Kindness as a Cosmic Virtue

This is not the “official” video of Carl Sagan’s “Pale Blue Dot”, but it’s my favorite.

My favorite line of this speech is at the end:

To me, it underscores our responsibility to deal more kindly with one another, and to preserve and cherish the pale blue dot, the only home we’ve ever known.

I agree whole-heartedly with this quote, with the entire message of this speech. It’s why I find the state of the world right now so distressing: Far too many people find far too many ideologies that allow themselves to be cruel to each other. Anti-semitism is on the rise now. Racism is on the rise. Kindness and sympathy are cast aside, and that casting is seen as a virtue by folks on both sides of the political divide.

But in the end, what matters is how kind we are to each other. Neil DeGrasse Tyson said:

For me, I am driven by two main philosophies, know more today about the world than I knew yesterday. And along the way, lessen the suffering of others. You’d be surprised how far that gets you.

Every kindness and cruelty that we experience or visit onto others takes place on the same tiny little dust mote in the same Cosmos. I don’t think this is at all meaningless; on the contrary, being kind is a vast responsibility.
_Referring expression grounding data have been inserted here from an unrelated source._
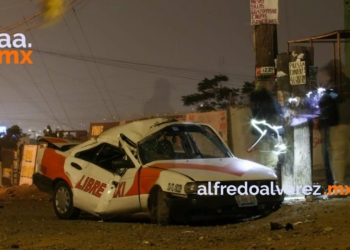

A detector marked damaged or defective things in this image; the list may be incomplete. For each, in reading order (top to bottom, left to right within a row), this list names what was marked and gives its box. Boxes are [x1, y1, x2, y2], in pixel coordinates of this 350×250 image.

shattered windshield [137, 123, 232, 163]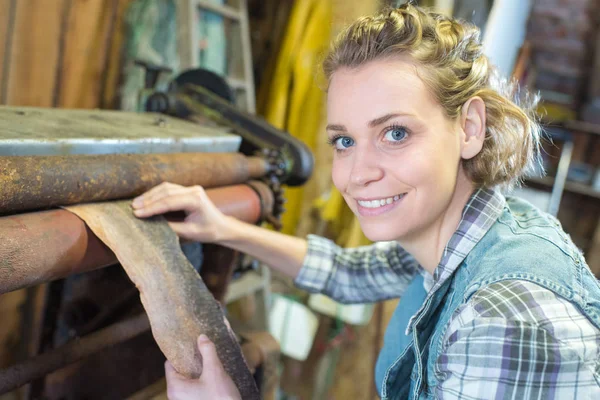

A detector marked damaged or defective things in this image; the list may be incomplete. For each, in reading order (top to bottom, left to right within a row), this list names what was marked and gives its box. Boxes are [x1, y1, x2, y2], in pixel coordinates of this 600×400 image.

rusty metal pipe [0, 153, 268, 216]
rusty metal pipe [0, 183, 272, 296]
rusty metal pipe [0, 312, 150, 394]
A cosmic one.

When Peter Capaldi ended his tenure as the Doctor in the British TV series Doctor Who, before he regenerated into Jodie Whitaker, he gave a marvelous speech about the importance of being kind in the cosmos. I can’t remember it, and I can’t find it online anywhere (maybe I just haven’t looked hard enough). But some of the Twelfth Doctor’s words about kindness remain embedded in my brain: “Without hope, without witness, without reward. Be kind.” And also: “Love hard, run fast, be kind.”
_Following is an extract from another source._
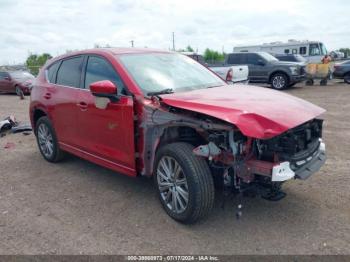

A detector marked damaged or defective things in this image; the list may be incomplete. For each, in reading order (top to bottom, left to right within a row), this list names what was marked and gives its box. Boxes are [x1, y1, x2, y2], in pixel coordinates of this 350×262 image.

And, of course, in the Star Trek episode “City on the Edge of Forever”, Kirk tells us that somewhere in the galaxy in the 22nd century some poet suggests that “Let me help” is a more loving statement than “I love you.”

So in the middle of this vast Cosmos, be kind to the Earth and the people who inhabit it. It is, after all, all we have. And as Carl Sagan also said, “For such small creatures as we, the vastness is bearable only through love.”